Cumhurbaşkanının, genel başkan konumundan derhal uzaklaşması ve kendi konumuna çekilmesi için vesilesidir bu seçimler. Toplumsal barış sadece Kürt meselesi ile sınırlı değildir. Gerginlik yaşayan tüm toplum kesimleri arasındaki ilişkileri yeniden normal bir seviyeye çekmeyi de gerektirir. Evet, toplum kesimleri kutuplaşmaya prim vermedi. Bu Türkiye toplumunun sağduyusunun güçlü olduğunu gösteriyor.

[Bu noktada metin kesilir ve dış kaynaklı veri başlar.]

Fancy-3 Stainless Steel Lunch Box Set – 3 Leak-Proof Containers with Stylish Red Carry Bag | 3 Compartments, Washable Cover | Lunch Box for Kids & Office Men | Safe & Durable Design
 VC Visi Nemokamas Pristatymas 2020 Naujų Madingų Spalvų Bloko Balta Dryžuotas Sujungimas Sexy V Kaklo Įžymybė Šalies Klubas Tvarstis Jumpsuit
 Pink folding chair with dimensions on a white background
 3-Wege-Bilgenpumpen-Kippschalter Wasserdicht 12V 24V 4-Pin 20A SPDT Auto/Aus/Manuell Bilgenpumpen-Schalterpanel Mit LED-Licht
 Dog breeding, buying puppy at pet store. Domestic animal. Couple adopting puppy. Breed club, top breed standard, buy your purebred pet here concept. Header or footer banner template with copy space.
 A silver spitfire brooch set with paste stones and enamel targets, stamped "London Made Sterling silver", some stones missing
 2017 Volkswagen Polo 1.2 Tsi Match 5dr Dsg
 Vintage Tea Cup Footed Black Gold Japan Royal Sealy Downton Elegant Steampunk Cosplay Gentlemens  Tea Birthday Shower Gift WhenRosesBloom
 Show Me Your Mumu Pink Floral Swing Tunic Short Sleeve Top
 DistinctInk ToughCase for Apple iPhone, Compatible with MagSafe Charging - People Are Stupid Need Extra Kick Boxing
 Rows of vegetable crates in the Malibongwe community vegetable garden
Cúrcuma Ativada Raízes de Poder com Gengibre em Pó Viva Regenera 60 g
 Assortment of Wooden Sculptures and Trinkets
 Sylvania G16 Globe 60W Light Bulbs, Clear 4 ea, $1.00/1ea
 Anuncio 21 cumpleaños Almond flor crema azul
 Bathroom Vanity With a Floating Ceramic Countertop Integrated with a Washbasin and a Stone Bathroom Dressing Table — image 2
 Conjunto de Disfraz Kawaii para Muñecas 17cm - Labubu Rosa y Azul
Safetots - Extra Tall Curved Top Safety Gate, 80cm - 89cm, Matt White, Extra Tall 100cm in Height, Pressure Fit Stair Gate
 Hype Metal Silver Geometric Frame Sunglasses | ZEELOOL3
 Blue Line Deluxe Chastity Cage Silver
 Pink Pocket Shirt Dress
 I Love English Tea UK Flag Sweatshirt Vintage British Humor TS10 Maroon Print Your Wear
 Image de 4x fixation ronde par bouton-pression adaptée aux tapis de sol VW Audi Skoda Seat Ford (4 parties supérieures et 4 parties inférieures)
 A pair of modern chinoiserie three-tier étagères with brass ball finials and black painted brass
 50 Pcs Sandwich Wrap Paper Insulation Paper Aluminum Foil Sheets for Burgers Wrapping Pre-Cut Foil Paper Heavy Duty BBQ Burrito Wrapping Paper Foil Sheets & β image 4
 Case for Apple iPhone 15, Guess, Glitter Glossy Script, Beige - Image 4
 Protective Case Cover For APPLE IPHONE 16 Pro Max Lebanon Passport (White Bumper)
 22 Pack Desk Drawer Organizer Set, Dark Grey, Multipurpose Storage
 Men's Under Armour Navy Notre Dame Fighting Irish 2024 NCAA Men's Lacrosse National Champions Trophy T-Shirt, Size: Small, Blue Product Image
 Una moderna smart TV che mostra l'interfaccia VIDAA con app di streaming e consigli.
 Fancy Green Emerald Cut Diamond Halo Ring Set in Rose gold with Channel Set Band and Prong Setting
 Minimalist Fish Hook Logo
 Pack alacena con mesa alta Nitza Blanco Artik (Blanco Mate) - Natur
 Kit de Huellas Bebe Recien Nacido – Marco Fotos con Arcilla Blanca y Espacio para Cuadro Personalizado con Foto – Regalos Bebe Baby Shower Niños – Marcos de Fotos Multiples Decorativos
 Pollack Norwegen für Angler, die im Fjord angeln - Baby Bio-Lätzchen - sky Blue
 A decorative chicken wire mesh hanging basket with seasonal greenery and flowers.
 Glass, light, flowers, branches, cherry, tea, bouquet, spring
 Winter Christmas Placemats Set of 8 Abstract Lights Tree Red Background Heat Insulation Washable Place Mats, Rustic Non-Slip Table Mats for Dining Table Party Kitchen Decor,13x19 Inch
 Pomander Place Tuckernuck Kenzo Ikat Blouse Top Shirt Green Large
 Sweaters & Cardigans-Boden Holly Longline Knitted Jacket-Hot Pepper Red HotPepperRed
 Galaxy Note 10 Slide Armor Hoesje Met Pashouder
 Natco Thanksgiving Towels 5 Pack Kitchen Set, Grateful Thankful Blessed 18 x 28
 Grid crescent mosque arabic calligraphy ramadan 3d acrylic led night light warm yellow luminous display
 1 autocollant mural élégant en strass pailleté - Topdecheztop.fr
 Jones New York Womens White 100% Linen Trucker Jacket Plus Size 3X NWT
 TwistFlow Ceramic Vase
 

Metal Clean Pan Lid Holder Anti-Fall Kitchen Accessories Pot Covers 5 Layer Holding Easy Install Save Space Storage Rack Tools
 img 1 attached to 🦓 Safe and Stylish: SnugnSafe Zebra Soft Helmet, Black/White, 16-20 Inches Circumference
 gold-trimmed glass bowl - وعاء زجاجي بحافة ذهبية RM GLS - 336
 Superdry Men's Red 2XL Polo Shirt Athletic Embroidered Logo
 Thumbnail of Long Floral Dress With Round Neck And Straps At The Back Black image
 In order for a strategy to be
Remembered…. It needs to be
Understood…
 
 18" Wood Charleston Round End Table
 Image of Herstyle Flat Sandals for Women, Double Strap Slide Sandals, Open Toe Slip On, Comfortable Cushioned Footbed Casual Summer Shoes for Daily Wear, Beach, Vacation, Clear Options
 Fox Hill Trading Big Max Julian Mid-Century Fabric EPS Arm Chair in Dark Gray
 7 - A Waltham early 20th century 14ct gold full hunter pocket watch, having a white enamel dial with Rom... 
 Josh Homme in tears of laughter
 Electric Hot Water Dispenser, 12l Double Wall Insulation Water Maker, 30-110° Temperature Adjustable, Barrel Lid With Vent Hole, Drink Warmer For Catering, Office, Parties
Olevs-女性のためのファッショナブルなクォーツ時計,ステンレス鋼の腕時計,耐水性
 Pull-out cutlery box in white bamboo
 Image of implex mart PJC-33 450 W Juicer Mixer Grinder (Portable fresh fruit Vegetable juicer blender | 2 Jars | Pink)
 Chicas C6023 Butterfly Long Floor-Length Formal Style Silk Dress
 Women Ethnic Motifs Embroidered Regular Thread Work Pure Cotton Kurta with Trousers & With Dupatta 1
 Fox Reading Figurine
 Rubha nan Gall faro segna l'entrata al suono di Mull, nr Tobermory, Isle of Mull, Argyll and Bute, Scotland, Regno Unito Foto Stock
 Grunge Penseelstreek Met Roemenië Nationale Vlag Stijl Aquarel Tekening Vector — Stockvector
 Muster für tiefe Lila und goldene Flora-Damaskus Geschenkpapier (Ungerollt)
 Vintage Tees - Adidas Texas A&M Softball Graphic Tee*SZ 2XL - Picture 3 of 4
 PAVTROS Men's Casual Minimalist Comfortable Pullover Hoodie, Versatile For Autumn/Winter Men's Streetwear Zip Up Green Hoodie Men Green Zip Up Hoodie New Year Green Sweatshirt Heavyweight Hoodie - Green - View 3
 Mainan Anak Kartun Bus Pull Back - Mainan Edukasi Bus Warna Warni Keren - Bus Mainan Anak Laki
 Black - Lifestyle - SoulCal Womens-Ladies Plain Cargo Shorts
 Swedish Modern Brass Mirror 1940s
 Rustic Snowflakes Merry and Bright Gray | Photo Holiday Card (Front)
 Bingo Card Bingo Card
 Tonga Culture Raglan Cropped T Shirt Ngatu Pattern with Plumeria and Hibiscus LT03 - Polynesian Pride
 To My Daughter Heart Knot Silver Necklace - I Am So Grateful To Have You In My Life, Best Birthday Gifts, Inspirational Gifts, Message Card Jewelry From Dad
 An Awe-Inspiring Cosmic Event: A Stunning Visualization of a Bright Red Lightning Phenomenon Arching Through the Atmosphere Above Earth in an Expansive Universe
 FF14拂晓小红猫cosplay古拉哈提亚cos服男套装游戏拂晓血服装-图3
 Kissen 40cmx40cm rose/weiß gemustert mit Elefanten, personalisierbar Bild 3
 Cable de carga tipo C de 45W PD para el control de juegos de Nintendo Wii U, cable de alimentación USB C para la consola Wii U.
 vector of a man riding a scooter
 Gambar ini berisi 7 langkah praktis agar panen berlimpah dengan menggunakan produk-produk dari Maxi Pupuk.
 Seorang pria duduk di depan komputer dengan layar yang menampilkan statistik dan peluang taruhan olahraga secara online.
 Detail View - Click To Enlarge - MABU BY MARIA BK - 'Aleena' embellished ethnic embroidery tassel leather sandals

Çok sert, çok ağır bir nefret söylemi ve çatışma stratejisiyle geçen seçimin ardından bu dilin kabul görmediğini teslim etmek ve toplumun burada hakkını vermek gerekiyor. Kürtlere yönelik ayrımcı ve aşağılayıcı üslup kimseye kazandırmıyor. Kürtleri yok sayan hiçbir politika Türkiye'de kalıcı olamaz, iktidarı da hiçbir şekilde sürekli kılamaz. Kürtleri ve HDP'yi düşmanlaştıran siyaset, bunun sahiplerine ve Türkiye'ye büyük zarar verir.